Stored records:
■ ■ ■ ■ ■ ■ ■

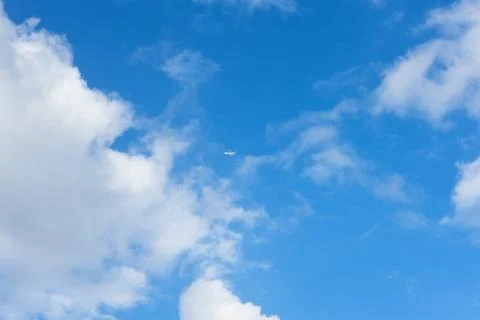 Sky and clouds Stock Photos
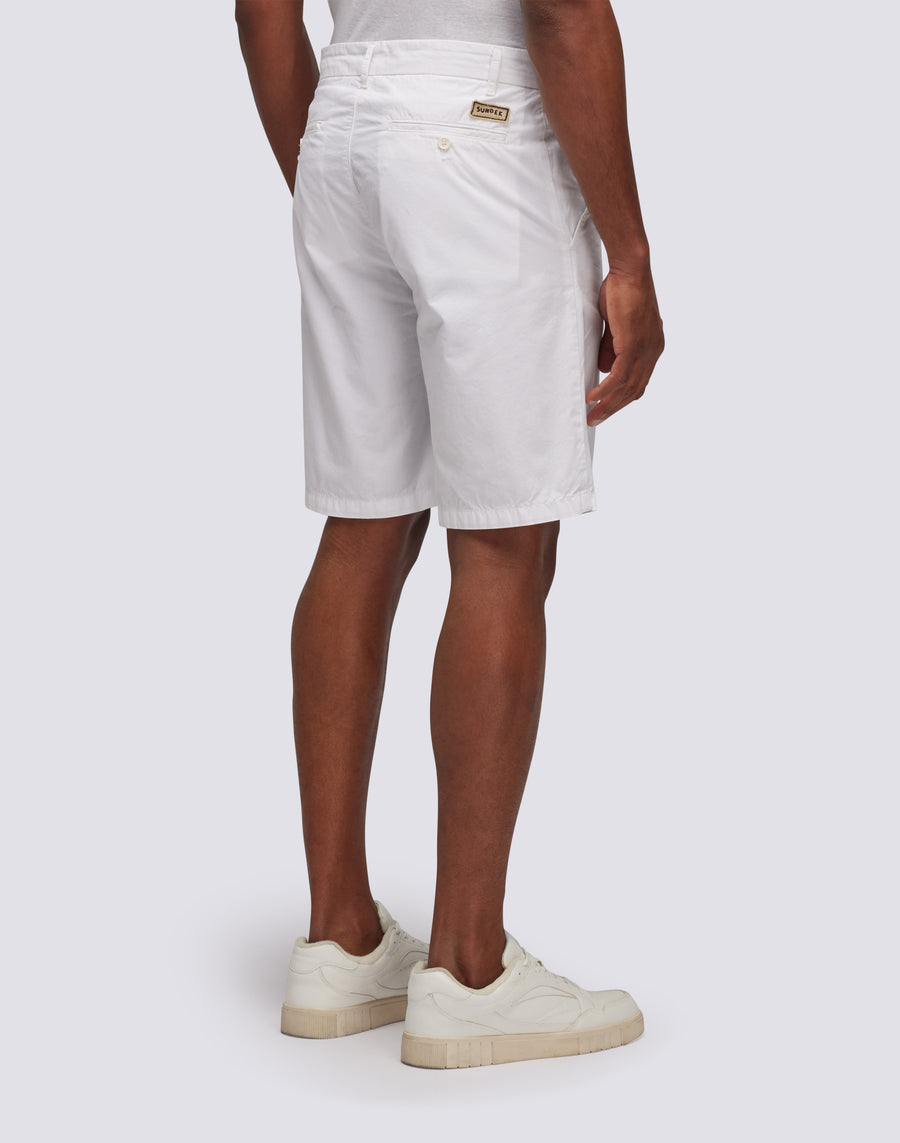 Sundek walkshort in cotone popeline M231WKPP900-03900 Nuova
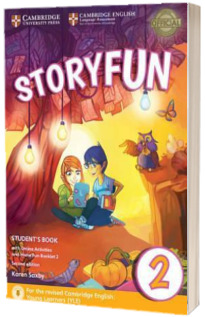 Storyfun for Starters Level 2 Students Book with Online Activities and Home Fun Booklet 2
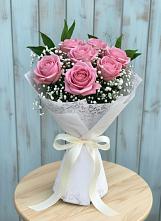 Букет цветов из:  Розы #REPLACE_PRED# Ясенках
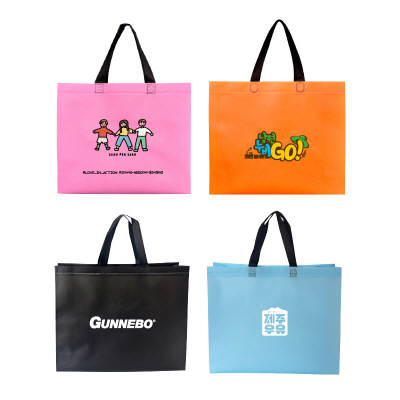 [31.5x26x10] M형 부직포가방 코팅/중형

■ ■ ■ ■ ■ ■ ■

### WHAT IS EXPECTED
All entries must be output exactly as they stand, and every picture must be left out.

### REPLY
 Sky and clouds Stock Photos
 Sundek walkshort in cotone popeline M231WKPP900-03900 Nuova
 Storyfun for Starters Level 2 Students Book with Online Activities and Home Fun Booklet 2
 Букет цветов из:  Розы #REPLACE_PRED# Ясенках
 [31.5x26x10] M형 부직포가방 코팅/중형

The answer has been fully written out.